## [EXERCISE]
All of the data should be reproduced word for word, though its pictures must be omitted.

## [DATA BLOCK]

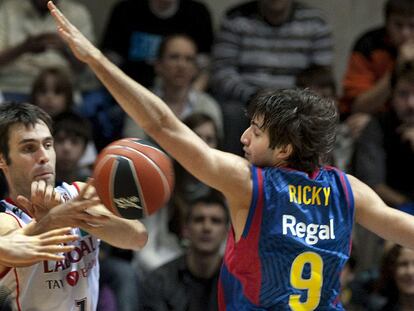 Ricky Rubio trata de interceptar un pase de San Emeterio en un partido de la fase regular de la ACB.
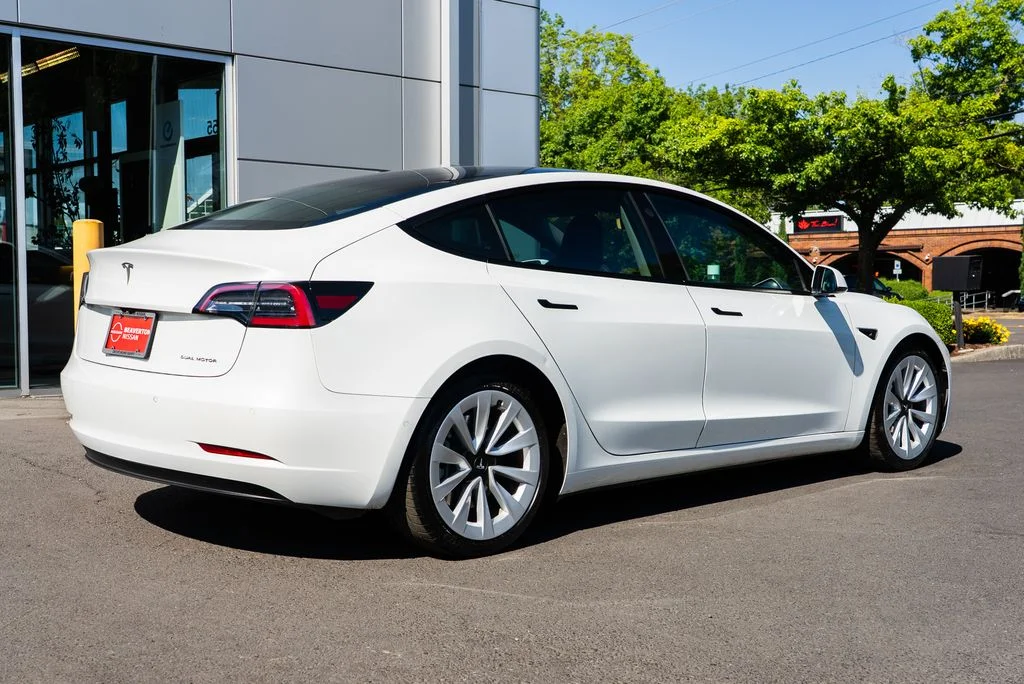 Used 2022 White Tesla Long Range image 6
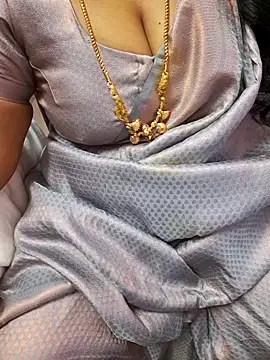 Snapshot of Tamil_Ammani chatting on October 28, 5:15 pm Tamil Ammani online show from October 28, 5:15 pm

## [SOLUTION BELOW]
 Ricky Rubio trata de interceptar un pase de San Emeterio en un partido de la fase regular de la ACB.
 Used 2022 White Tesla Long Range image 6
 Snapshot of Tamil_Ammani chatting on October 28, 5:15 pm Tamil Ammani online show from October 28, 5:15 pm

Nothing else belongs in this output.